RECORDS TO PROCESS:
--- START ---
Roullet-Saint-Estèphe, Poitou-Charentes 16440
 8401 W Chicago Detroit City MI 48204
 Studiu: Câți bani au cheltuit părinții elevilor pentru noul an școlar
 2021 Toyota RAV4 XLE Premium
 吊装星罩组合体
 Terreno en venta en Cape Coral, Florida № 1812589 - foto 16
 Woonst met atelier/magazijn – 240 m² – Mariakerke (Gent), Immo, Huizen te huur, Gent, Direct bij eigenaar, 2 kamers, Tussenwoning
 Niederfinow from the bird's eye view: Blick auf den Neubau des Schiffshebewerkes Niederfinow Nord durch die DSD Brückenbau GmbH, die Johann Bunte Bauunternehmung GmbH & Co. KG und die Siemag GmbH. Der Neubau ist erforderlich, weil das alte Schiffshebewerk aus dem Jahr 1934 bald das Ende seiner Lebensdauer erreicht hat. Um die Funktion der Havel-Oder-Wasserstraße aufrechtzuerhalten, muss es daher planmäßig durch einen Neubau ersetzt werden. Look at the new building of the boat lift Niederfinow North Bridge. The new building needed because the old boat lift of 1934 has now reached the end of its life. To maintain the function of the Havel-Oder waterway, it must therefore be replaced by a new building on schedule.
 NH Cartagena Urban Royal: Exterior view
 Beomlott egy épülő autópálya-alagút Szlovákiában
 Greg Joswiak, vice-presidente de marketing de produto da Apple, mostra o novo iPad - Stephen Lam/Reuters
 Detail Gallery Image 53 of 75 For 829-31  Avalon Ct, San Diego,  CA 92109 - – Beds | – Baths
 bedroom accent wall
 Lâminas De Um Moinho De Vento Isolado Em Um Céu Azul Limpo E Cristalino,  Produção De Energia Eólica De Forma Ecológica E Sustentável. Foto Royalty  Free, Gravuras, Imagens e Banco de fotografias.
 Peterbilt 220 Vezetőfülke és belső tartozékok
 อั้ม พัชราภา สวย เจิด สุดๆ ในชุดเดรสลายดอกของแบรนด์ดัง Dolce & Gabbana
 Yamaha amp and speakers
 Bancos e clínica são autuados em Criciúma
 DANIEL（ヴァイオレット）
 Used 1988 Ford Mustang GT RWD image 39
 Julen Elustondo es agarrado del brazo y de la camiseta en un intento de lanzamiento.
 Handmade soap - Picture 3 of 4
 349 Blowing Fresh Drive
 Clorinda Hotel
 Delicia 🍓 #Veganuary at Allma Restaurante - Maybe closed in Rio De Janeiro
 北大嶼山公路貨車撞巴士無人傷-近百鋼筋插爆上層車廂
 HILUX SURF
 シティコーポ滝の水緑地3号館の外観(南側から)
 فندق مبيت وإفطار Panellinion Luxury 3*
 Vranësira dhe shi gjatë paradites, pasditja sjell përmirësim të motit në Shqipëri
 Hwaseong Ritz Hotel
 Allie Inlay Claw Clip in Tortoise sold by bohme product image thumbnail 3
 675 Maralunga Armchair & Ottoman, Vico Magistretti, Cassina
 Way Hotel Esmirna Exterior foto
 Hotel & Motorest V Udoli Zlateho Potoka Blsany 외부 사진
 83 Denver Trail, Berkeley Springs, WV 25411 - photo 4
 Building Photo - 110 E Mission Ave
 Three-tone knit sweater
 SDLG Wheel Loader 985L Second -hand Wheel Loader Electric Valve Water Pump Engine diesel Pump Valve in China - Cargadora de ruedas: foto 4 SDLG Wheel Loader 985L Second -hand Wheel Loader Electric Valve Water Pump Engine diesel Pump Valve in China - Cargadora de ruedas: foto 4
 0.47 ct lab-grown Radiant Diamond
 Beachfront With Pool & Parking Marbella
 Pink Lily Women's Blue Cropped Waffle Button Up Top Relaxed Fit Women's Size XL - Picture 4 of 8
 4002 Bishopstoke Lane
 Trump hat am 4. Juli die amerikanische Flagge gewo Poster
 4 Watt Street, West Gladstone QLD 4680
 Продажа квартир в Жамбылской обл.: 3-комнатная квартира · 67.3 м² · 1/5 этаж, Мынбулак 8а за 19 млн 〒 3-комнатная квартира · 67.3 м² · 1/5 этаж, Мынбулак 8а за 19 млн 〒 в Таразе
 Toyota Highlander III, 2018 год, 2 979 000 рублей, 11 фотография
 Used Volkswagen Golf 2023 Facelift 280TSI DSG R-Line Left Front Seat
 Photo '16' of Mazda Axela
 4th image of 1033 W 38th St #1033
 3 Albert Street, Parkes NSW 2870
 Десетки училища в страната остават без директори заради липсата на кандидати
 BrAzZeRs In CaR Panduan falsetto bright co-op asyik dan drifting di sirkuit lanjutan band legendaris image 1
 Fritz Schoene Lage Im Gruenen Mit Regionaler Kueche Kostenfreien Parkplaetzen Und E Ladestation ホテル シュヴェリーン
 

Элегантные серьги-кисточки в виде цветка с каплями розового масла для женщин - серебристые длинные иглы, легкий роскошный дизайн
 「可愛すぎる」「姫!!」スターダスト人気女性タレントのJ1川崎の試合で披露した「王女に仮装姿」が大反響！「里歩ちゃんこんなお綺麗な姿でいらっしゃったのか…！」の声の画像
--- END ---
TASK TO COMPLETE:
Once you have read the entries, write them out again without altering a single character.

TASK SOLUTION:
Roullet-Saint-Estèphe, Poitou-Charentes 16440
 8401 W Chicago Detroit City MI 48204
 Studiu: Câți bani au cheltuit părinții elevilor pentru noul an școlar
 2021 Toyota RAV4 XLE Premium
 吊装星罩组合体
 Terreno en venta en Cape Coral, Florida № 1812589 - foto 16
 Woonst met atelier/magazijn – 240 m² – Mariakerke (Gent), Immo, Huizen te huur, Gent, Direct bij eigenaar, 2 kamers, Tussenwoning
 Niederfinow from the bird's eye view: Blick auf den Neubau des Schiffshebewerkes Niederfinow Nord durch die DSD Brückenbau GmbH, die Johann Bunte Bauunternehmung GmbH & Co. KG und die Siemag GmbH. Der Neubau ist erforderlich, weil das alte Schiffshebewerk aus dem Jahr 1934 bald das Ende seiner Lebensdauer erreicht hat. Um die Funktion der Havel-Oder-Wasserstraße aufrechtzuerhalten, muss es daher planmäßig durch einen Neubau ersetzt werden. Look at the new building of the boat lift Niederfinow North Bridge. The new building needed because the old boat lift of 1934 has now reached the end of its life. To maintain the function of the Havel-Oder waterway, it must therefore be replaced by a new building on schedule.
 NH Cartagena Urban Royal: Exterior view
 Beomlott egy épülő autópálya-alagút Szlovákiában
 Greg Joswiak, vice-presidente de marketing de produto da Apple, mostra o novo iPad - Stephen Lam/Reuters
 Detail Gallery Image 53 of 75 For 829-31  Avalon Ct, San Diego,  CA 92109 - – Beds | – Baths
 bedroom accent wall
 Lâminas De Um Moinho De Vento Isolado Em Um Céu Azul Limpo E Cristalino,  Produção De Energia Eólica De Forma Ecológica E Sustentável. Foto Royalty  Free, Gravuras, Imagens e Banco de fotografias.
 Peterbilt 220 Vezetőfülke és belső tartozékok
 อั้ม พัชราภา สวย เจิด สุดๆ ในชุดเดรสลายดอกของแบรนด์ดัง Dolce & Gabbana
 Yamaha amp and speakers
 Bancos e clínica são autuados em Criciúma
 DANIEL（ヴァイオレット）
 Used 1988 Ford Mustang GT RWD image 39
 Julen Elustondo es agarrado del brazo y de la camiseta en un intento de lanzamiento.
 Handmade soap - Picture 3 of 4
 349 Blowing Fresh Drive
 Clorinda Hotel
 Delicia 🍓 #Veganuary at Allma Restaurante - Maybe closed in Rio De Janeiro
 北大嶼山公路貨車撞巴士無人傷-近百鋼筋插爆上層車廂
 HILUX SURF
 シティコーポ滝の水緑地3号館の外観(南側から)
 فندق مبيت وإفطار Panellinion Luxury 3*
 Vranësira dhe shi gjatë paradites, pasditja sjell përmirësim të motit në Shqipëri
 Hwaseong Ritz Hotel
 Allie Inlay Claw Clip in Tortoise sold by bohme product image thumbnail 3
 675 Maralunga Armchair & Ottoman, Vico Magistretti, Cassina
 Way Hotel Esmirna Exterior foto
 Hotel & Motorest V Udoli Zlateho Potoka Blsany 외부 사진
 83 Denver Trail, Berkeley Springs, WV 25411 - photo 4
 Building Photo - 110 E Mission Ave
 Three-tone knit sweater
 SDLG Wheel Loader 985L Second -hand Wheel Loader Electric Valve Water Pump Engine diesel Pump Valve in China - Cargadora de ruedas: foto 4 SDLG Wheel Loader 985L Second -hand Wheel Loader Electric Valve Water Pump Engine diesel Pump Valve in China - Cargadora de ruedas: foto 4
 0.47 ct lab-grown Radiant Diamond
 Beachfront With Pool & Parking Marbella
 Pink Lily Women's Blue Cropped Waffle Button Up Top Relaxed Fit Women's Size XL - Picture 4 of 8
 4002 Bishopstoke Lane
 Trump hat am 4. Juli die amerikanische Flagge gewo Poster
 4 Watt Street, West Gladstone QLD 4680
 Продажа квартир в Жамбылской обл.: 3-комнатная квартира · 67.3 м² · 1/5 этаж, Мынбулак 8а за 19 млн 〒 3-комнатная квартира · 67.3 м² · 1/5 этаж, Мынбулак 8а за 19 млн 〒 в Таразе
 Toyota Highlander III, 2018 год, 2 979 000 рублей, 11 фотография
 Used Volkswagen Golf 2023 Facelift 280TSI DSG R-Line Left Front Seat
 Photo '16' of Mazda Axela
 4th image of 1033 W 38th St #1033
 3 Albert Street, Parkes NSW 2870
 Десетки училища в страната остават без директори заради липсата на кандидати
 BrAzZeRs In CaR Panduan falsetto bright co-op asyik dan drifting di sirkuit lanjutan band legendaris image 1
 Fritz Schoene Lage Im Gruenen Mit Regionaler Kueche Kostenfreien Parkplaetzen Und E Ladestation ホテル シュヴェリーン
 

Элегантные серьги-кисточки в виде цветка с каплями розового масла для женщин - серебристые длинные иглы, легкий роскошный дизайн
 「可愛すぎる」「姫!!」スターダスト人気女性タレントのJ1川崎の試合で披露した「王女に仮装姿」が大反響！「里歩ちゃんこんなお綺麗な姿でいらっしゃったのか…！」の声の画像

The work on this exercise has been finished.